WORK TASK: Each line of the material below is to be written out exactly. Leave out any picture.

----- GIVEN DATA -----

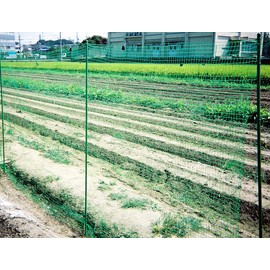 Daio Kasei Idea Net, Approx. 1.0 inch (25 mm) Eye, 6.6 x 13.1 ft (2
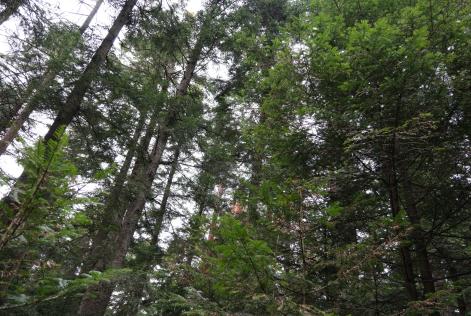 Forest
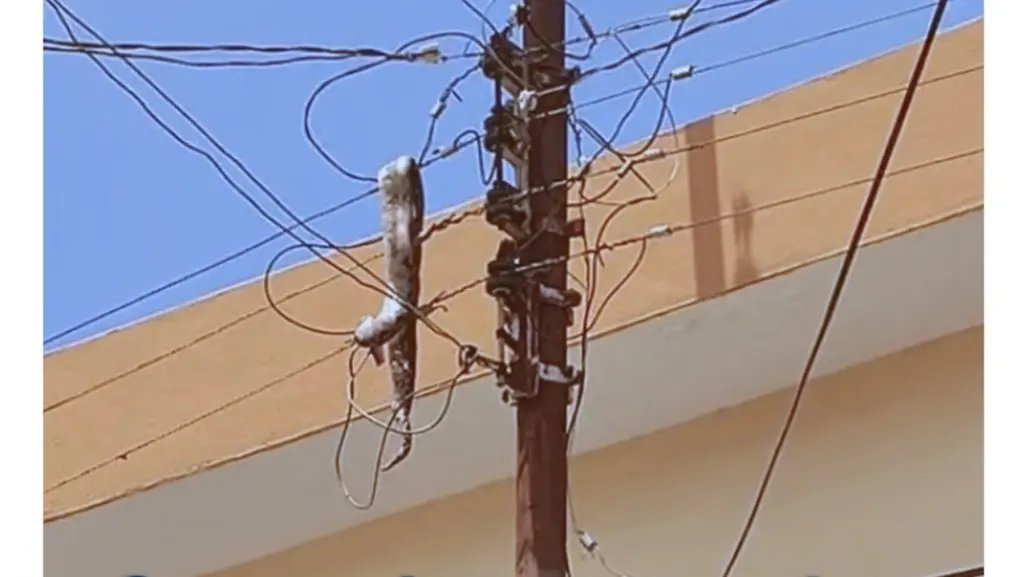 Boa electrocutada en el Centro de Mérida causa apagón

-----

RESULT OF THE EXERCISE:
 Daio Kasei Idea Net, Approx. 1.0 inch (25 mm) Eye, 6.6 x 13.1 ft (2
 Forest
 Boa electrocutada en el Centro de Mérida causa apagón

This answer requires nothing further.